A recent study published in the Biological Conversation proved what people around the world had begun to notice, the diminishing presence of insects, whether it be less moths crowded around streetlights or butterflies slowly disappearing from backyard gardens.
The study showed dramatic declines in insect populations, declines so severe that they placed 40% of insect species at risk of extinction and left a third categorically endangered. These findings were not isolated, however; similar studies globally demonstrated comparable patterns of insect decline—researchers in Belgium found that almost a third of native butterfly species had become extinct within the last century, and in Germany, researchers measured a 76% decline in flying insect biomass within a 27 year period.
Whilst you may be thinking that this doesn’t sound like such a bad thing—fewer mozzies, and less pesky flies, these studies suggest otherwise. They indicate that whilst the vast majority of crucial pollinators, decomposers and pest control species are highly affected, mosquitoes and other adaptable and generalist species such as biting Diptera, have risen in abundance.
But it isn’t just the insects that are in trouble…
The agricultural industry is dependent on insects; approximately 75% of cultivated plants require animal-pollination, usually in the form of bees and other nectar-feeding invertebrates. Farmers in Burkina Faso have found that pollination by honeybees increases both the yield and quality of crop harvests by up to 62%. The decline of bee populations has disastrous ramifications both economically and ecologically—pollination by bees contributes approximately $212 billion to the global economy, whilst lack of effective pollination will drive many plant species to extinction.
Insects also play a staple role in the diet of the two billion people who consume them daily. As a result of their ability to multiply rapidly and cost-efficacy, entomophagy (the consumption of insects) has become a common practice in many cultures in South and Central America, Africa, Asia and parts of Australia and New Zealand. These populations rely upon insects as a major source of protein, fats, amino acids and essential vitamins.

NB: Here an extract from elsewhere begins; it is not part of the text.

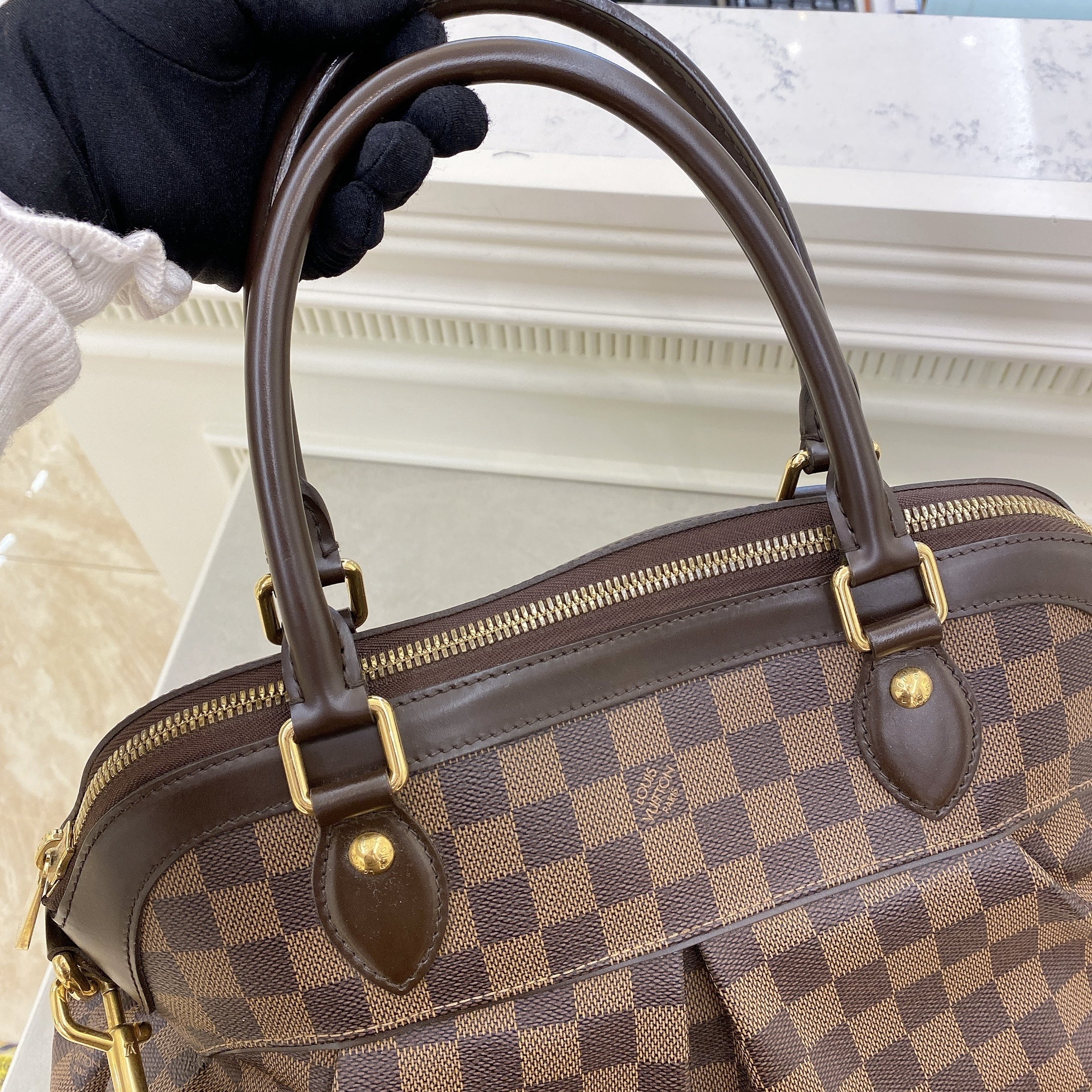 LV Damier Ebene Trevi GM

So what is driving this mass extinction? Research has shown that the leading contributor of this mass decline in insect species is the rapid habitat loss driven by increased urbanisation and industrialisation. Unsustainable pest control techniques are also to blame, with commonly used pesticides such as DDT and Fipronil, resulting in the mass deaths of millions upon millions of honeybees worldwide.

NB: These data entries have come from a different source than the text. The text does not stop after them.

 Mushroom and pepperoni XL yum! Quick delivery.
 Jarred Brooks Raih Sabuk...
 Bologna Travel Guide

In order to combat this, a major shift has to be made in the agricultural industry. Commercial insecticides and herbicides need to be replaced by more ecologically friendly options, such as the introduction of biological pest controls (eg. aphid feeding lacewings and ladybugs). However, proper research must be conducted to ensure that it will have a minimal impact on the ecology of the region, in order to prevent the reoccurrence of a crisis like that of the cane toad control program.

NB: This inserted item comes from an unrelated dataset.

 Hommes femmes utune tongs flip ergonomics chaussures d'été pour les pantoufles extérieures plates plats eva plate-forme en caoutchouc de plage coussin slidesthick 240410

On a small scale, consumers should shop consciously, supporting organic and local farmers whilst reducing demand for conventionally grown commercial crops. Urban horticulture is another way to benefit local insect populations, with vegetable patches and community gardens providing habitats for native bees while allowing hobbyist gardeners to cultivate their own organic produce.
Although the Insect Apocalypse is already underway, a concentrated effort between agricultural giants and individuals may be able to slow down the impact of this environmental crisis.
And if you’re wondering why you should care, the truth is, if the insects don’t survive this mass extinction, we might not either.